Origin: upstream, https://gitlab.com/procps-ng/procps/-/commit/bfbaf43acade8c9de38737e87f4fc535991c8359
Applied-Upstream: 4.0.5
Reviewed-by: Craig Small <csmall@debian.org>
Last-Update: 2025-04-13
---
This patch header follows DEP-3: http://dep.debian.net/deps/dep3/
--- a/src/kill.c
+++ b/src/kill.c
@@ -138,7 +138,8 @@
             } else {
                 /* Special case for signal digit negative
                  * PIDs */
-		pid = (long)('0' - optopt);
+                pid = strtol_or_err(argv[optind], _("failed to parse argument"));
+
 		if (!execute_kill((pid_t) pid, signo, use_sigqueue, sigval))
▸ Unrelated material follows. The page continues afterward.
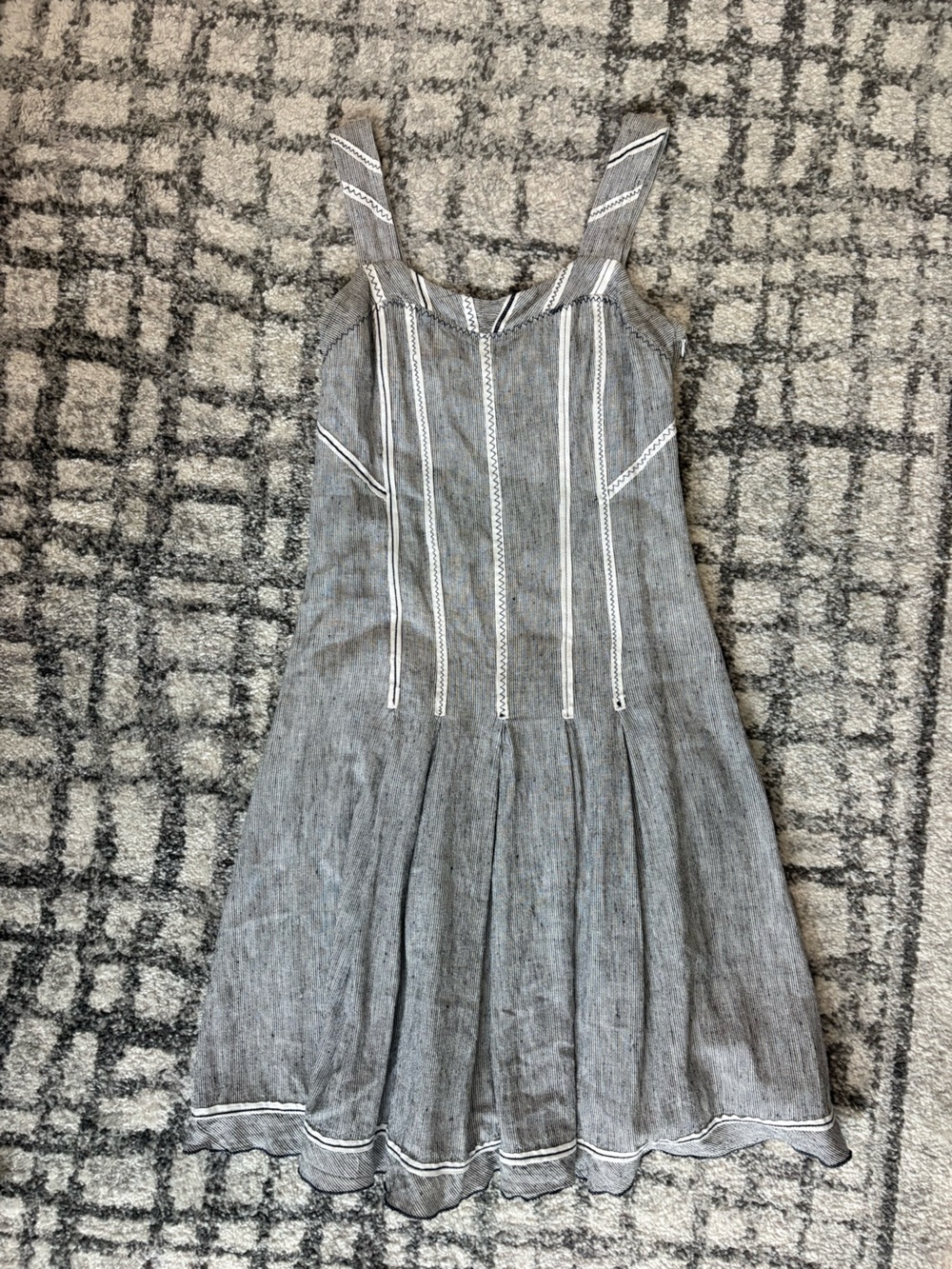 Gray Sleeveless Linen-Blend Midi Dress with White Trim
 		    exitvalue = EXIT_FAILURE;
                 exit(exitvalue);
--- a/man/kill.1
+++ b/man/kill.1
@@ -72,6 +72,12 @@
 Your shell (command line interpreter) may have a built-in kill
 command.  You may need to run the command described here as /bin/kill
 to solve the conflict.
+.PP
+If you use negative PID values, you will need to specify a signal as well so that
+.B kill
+knows if the option is for the PID or the signal number. For example, issuing
+the command with the single option \fB\-9\fR it is not clear if you
+mean signal 9 (SIGKILL) or process group 9.
 .SH EXAMPLES
 .TP
 .B kill \-9 \-1
@@ -85,6 +91,10 @@
 .TP
 .B kill 123 543 2341 3453
 Send the default signal, SIGTERM, to all those processes.
+.TP
+.B kill -SIGTERM -123
+Send the signal SIGTERM to process group 123. The signal name or number is
+required if specifying process groups with a negative PID.